I'm not sure that it will resolve the issue completely. From my experience, tcp client socket could get stuck even if tcp server doesn't send any data at all (by protocol design). My suggestion is to set proper timeouts for all tcp sockets: gen_tcp:connect/4 with Timeout, \{send_timeout, Timeout\} and, optionally, \{send_timeout_close, boolean()\}.

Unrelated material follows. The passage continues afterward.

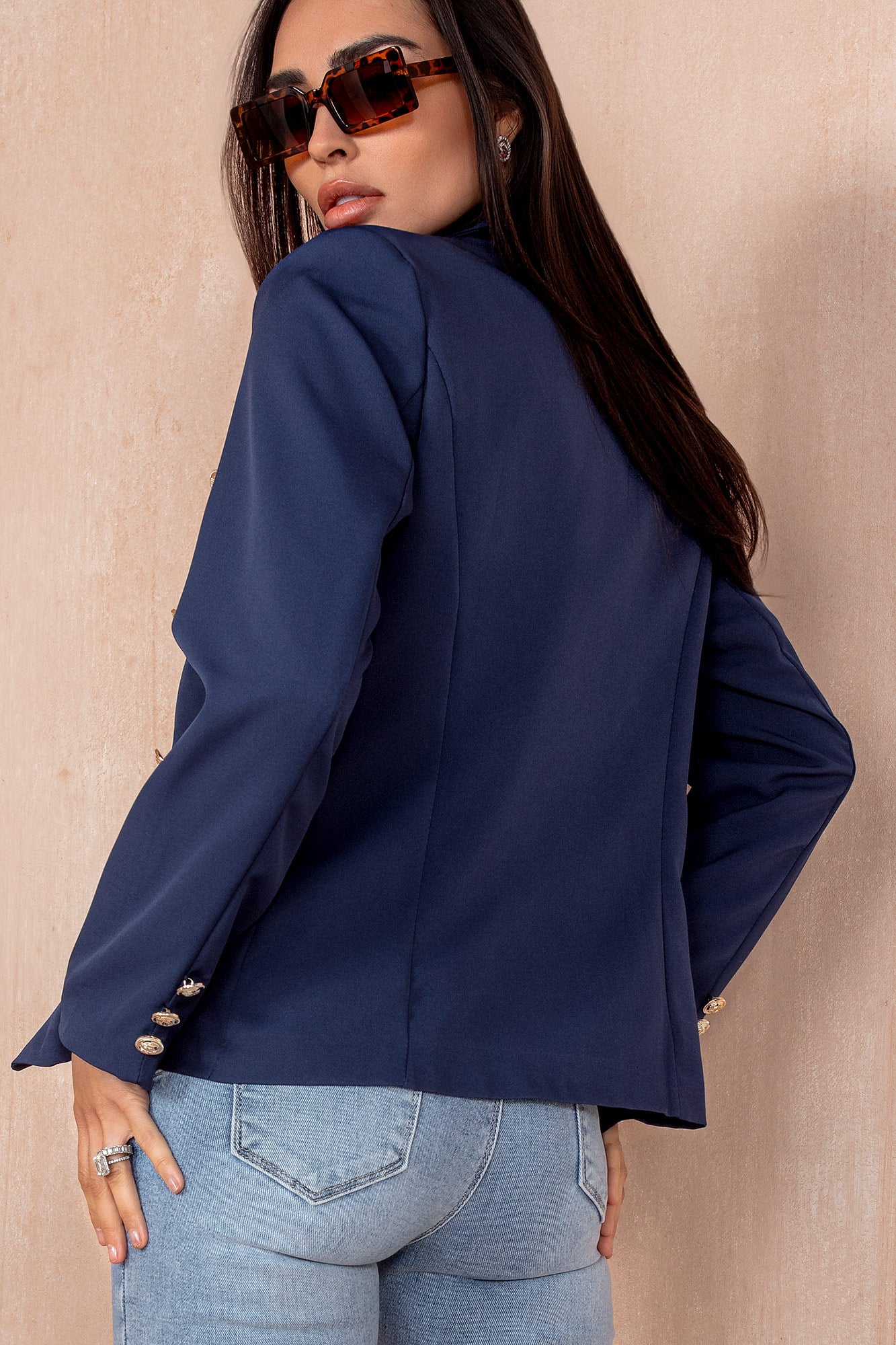 Haddie Navy Button Detail Blazer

OTP-Maintainer commented 6 years ago

ingela said:

Granted that this solution will not prevent the sender process from hanging, however it will prevent the deadlock and the blocked sender can be killed by the reader process if it for example does not receive ticks. I would be valuable to use  if you could test my branch and see how it works out for you. If you like
you could perhaps still have your killer and observe if it is invoked or not. We think that my branch also
has other benefits for the ssl application and especially for erlang distribution over TLS and we will release it as is. We will consider gen_tcp timeouts for future improvements if there seems to be a need and you could further explain the problem, we are not sure that we understand it fully.

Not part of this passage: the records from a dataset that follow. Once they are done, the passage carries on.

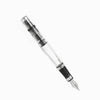 Twsbi Diamond 580AL R black fountain pen with gold accents, featuring an elegant design and fine nib for smooth writing.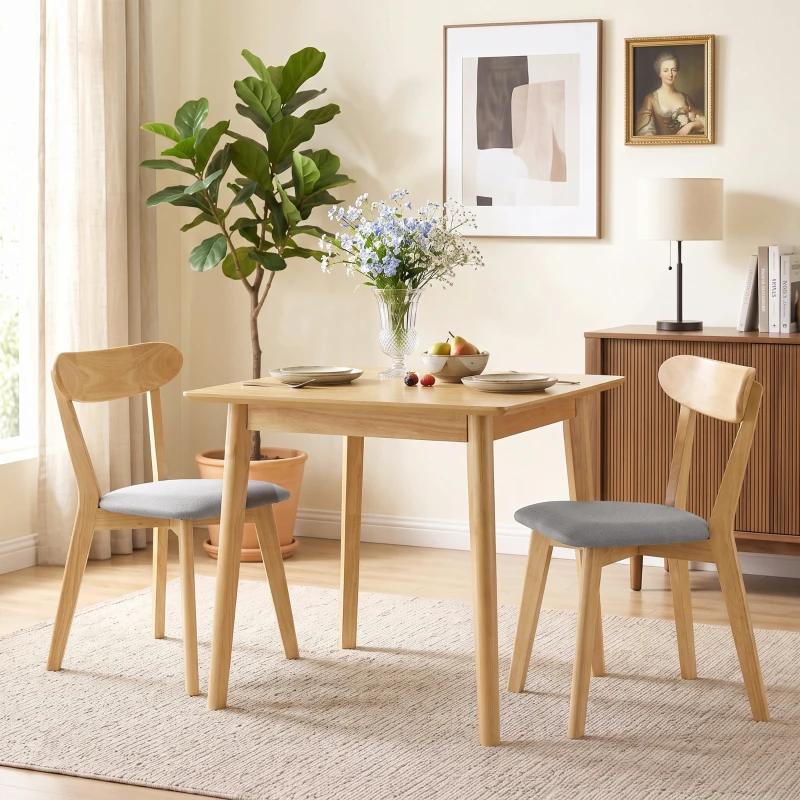 HOMCOM Set de 2 scaune de dining, scaune pentru bucătărie, șezut tapițat aspect in, spătar curbat, gri și lemn natural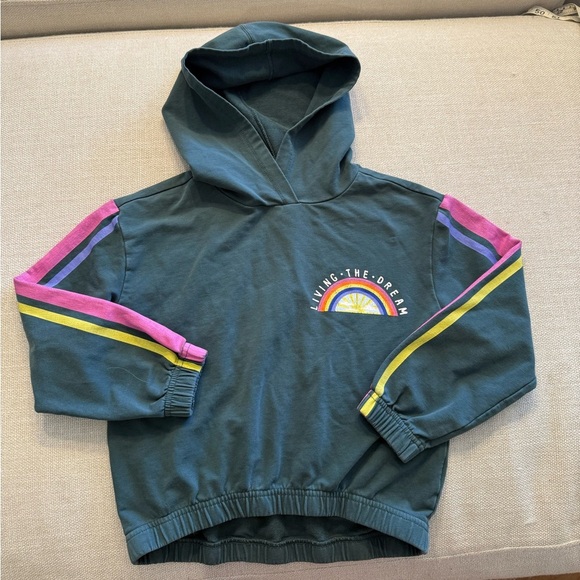 Hanna Andersson Other - Girls Hanna Andersson Kids Rainbow Cropped Hoodie Sweatshirt green pink yellow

OTP-Maintainer commented 6 years ago

ingela said:

Well after thinking about this further I decided to rework the solution a little, that is I am no longer assuming that the inet  driver will be gracefull. So I pushed a new version of my branch with a new close down handling commit. Notice that two commits before are a little reworked too. This is looking good in our builds and will most probably make 21.1 

Hope you will like it too!

OTP-Maintainer commented 6 years ago

ingela said:

This has now been merged as it at least is an improvement.  It solves the dead lock and makes sure that tls_sender process always dies if the connection is closed.  If it should turn out you still have some problem you are welcome to file a new report. I gather you have a workaround for 20 so currently we have no plans to patch OTP 20.

OTP-Maintainer commented 6 years ago

mikael pettersson said:

We had been hoping to run Erlang distribution over TLS with OTP-20, but I gather from this ticket that doing so wouldn't be advisable?

OTP-Maintainer commented 6 years ago

ingela said:

No it would not be advisable. We might consider back-porting it to 20 if it is verified that the above problem is solved by the patch.  I think it should, but I do not have any test setup for it.  Of course we have tests that test the new code is working and we think it has benefits regardless of the deadlock problem.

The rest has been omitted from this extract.